My personality wasn’t defective. My intelligence is not deficient. I have a neurological developmental disorder. And there was help. Medication, therapy, work-arounds. Maybe I could not only function better, but I could thrive.

I went through an intense grieving period for the time lost not knowing why I could never do certain things. Could I have been a CIA agent or a theatre star or a doctor or an attorney if I had been medicated or support systems in place? How different would my life have been if I had known what was holding me back? If I had not developed such a destructive inner monologue that reminded me how lazy and ditsy and unmotivated and weak and stupid I was… If I had only known that it WASN’T MY FAULT? If I had understood that my brain worked differently, and I actually could do things?

Being diagnosed at 45 years old, I had a lot to mourn. I spent a lot of time in therapy rewriting my inner monologue. And even a year later, I still have moments of letting that old negative thought pattern come through. Just today, I had gone to get dinner for my family. My husband had given me a screenshot of his order, but somehow, I had gotten the drink wrong. When I saw his disappointment, my heart sank, and my inner voice began reminding me how stupid and airheaded I was. “It was right there in the text; how could you not have seen it? Dumb mistake. Just like all the other dumb mistakes you’ve made your whole life. What makes you think you can do anything right?”

This has been my whole. damn. life. Every mistake. Every time.

It’s a lot to undo.

I’m now on a great medication that has been a tremendous help. I’m so grateful for pharmacology that can help my brain function better. It’s not a cure-all, and I still have to have processes in place to help me. But I can tell the difference when I don’t take it. Which, coincidentally, is this whole weekend.

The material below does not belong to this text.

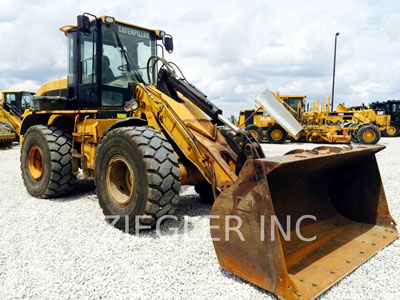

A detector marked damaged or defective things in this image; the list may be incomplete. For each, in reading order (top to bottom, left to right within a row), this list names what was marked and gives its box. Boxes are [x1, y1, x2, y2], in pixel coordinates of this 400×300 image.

rusty bucket surface [211, 144, 398, 298]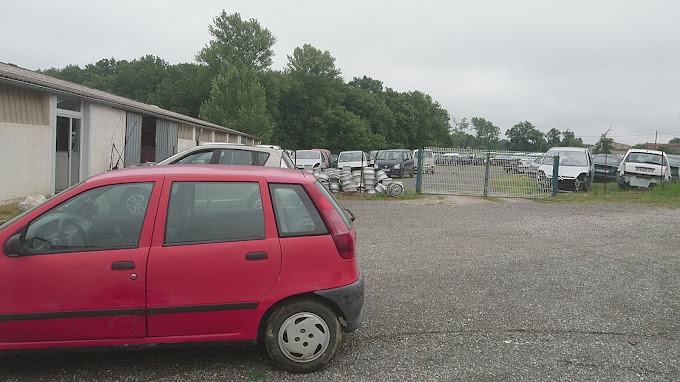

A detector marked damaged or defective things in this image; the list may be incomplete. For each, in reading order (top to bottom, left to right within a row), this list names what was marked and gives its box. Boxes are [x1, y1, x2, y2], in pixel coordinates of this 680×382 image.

damaged white car [616, 148, 668, 189]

See, here is the problem we ADHDer’s face. The stimulant medications that are the most helpful for me are heavily regulated and have been facing a massive nationwide shortage for a few years now. With more people like me getting diagnosed later in life, the need for medication has skyrocketed. Pretty sure the pandemic and world-wide shutdown made a lot of adults wonder why they suddenly couldn’t function well. So a lot of people sought help and received a diagnosis. The trouble is the regulators have not allowed higher production with the increase in demand for medication. We can only fill 30 days at a time, and we have to *gasp* call the pharmacy to refill instead of doing it online. And we have to meet with our prescribers every 90 days, which requires the executive function to set the appointments, keep the appointments, and then follow-up with the pharmacy every 30 days.

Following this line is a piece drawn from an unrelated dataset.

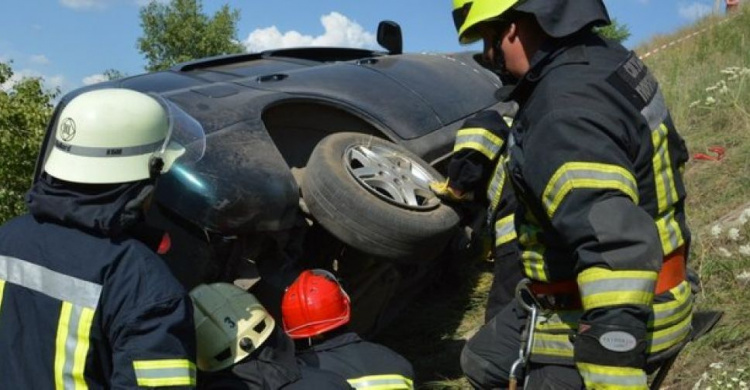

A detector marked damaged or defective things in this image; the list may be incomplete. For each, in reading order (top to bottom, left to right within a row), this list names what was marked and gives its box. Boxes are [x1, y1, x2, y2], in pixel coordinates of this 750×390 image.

overturned car [38, 22, 516, 336]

On top of that, the shortage makes it so that there are never enough pills at your pharmacy of choice. The last time I filled my prescription, the pharmacy only had 20 pills. They filled those, and then I had to have my prescriber send in a 10 day prescription to get the remainder. That alone took about two hours of phone calls, waiting on hold, waiting for return calls, returning missed calls, and trying to remember all the details of who was doing what and who was waiting for who to call them back. It’s an ADHDer’s nightmare.

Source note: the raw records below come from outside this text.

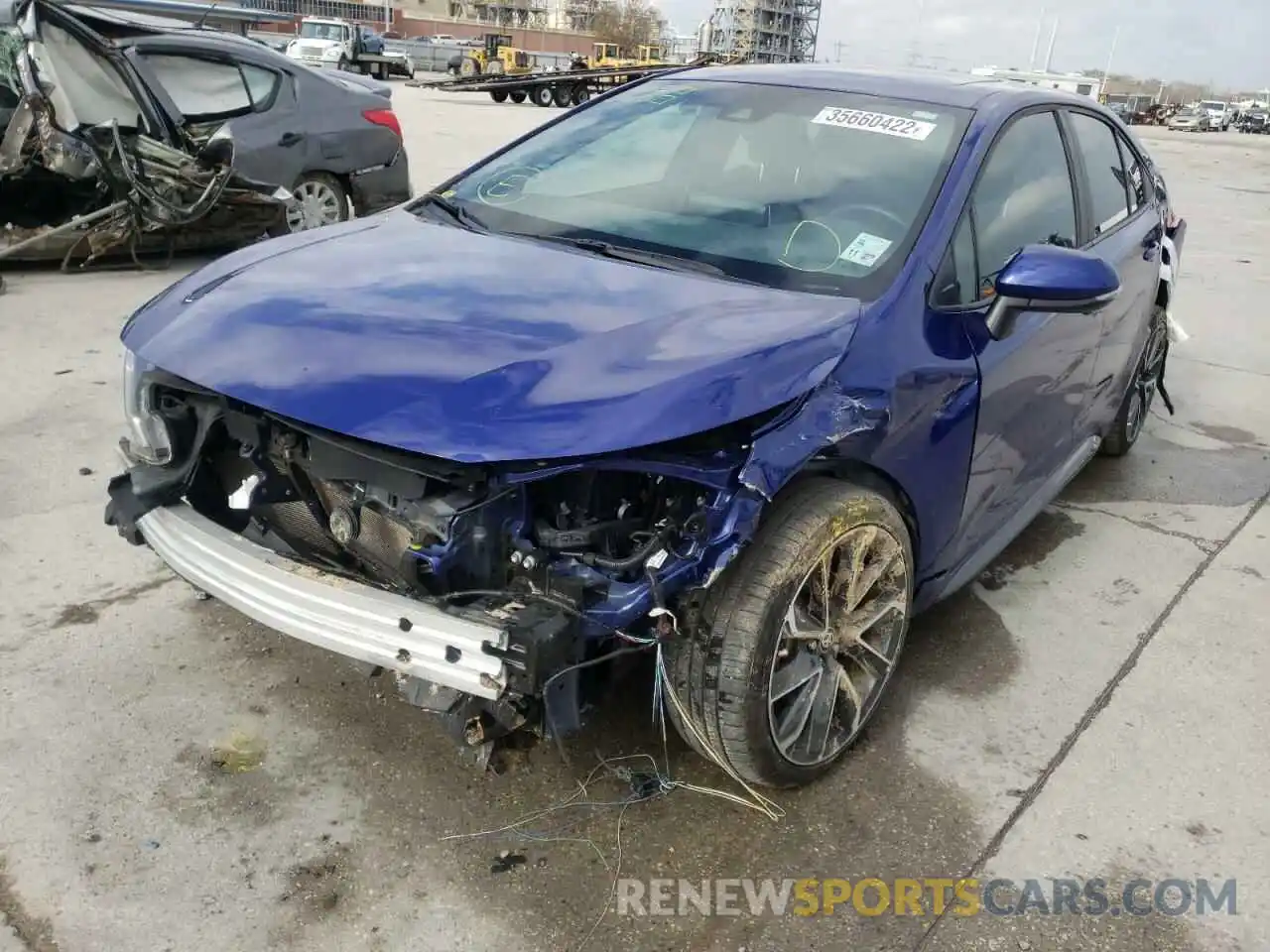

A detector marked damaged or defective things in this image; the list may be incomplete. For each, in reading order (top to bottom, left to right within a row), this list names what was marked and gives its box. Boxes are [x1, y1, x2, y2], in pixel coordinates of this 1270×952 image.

damaged front end [0, 1, 283, 269]
damaged dark gray sedan [0, 0, 406, 265]
wrecked car hood [121, 211, 863, 461]
crumpled hood [123, 211, 863, 461]
damaged front end [101, 363, 823, 762]
crack in concrete [1051, 502, 1218, 555]
crack in concrete [919, 487, 1270, 949]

I have a prescription waiting to be filled at my pharmacy. It has been there for 10 days. There have been three shipments that have arrived at the pharmacy in that time, and none of them had my meds. So I ran out. I’m on day 2 with no meds and with heavy brain fog, extreme sensory overload, and zero motivation. I called 13 pharmacies in my area, one of which had 30 pills but they were expired, and the rest of them had none at all. And even if I did find a pharmacy that had them in stock, my prescriber’s office is closed for the weekend. So I’m sh** out of luck this weekend.

And luckily, I’m a grown up who can navigate this with relatively minor struggles. My friends have children for whom meds are vital. And they are having the same runaround. It’s awful. If there is a hell, I imagine it is full of the bureaucrats holding our meds hostage.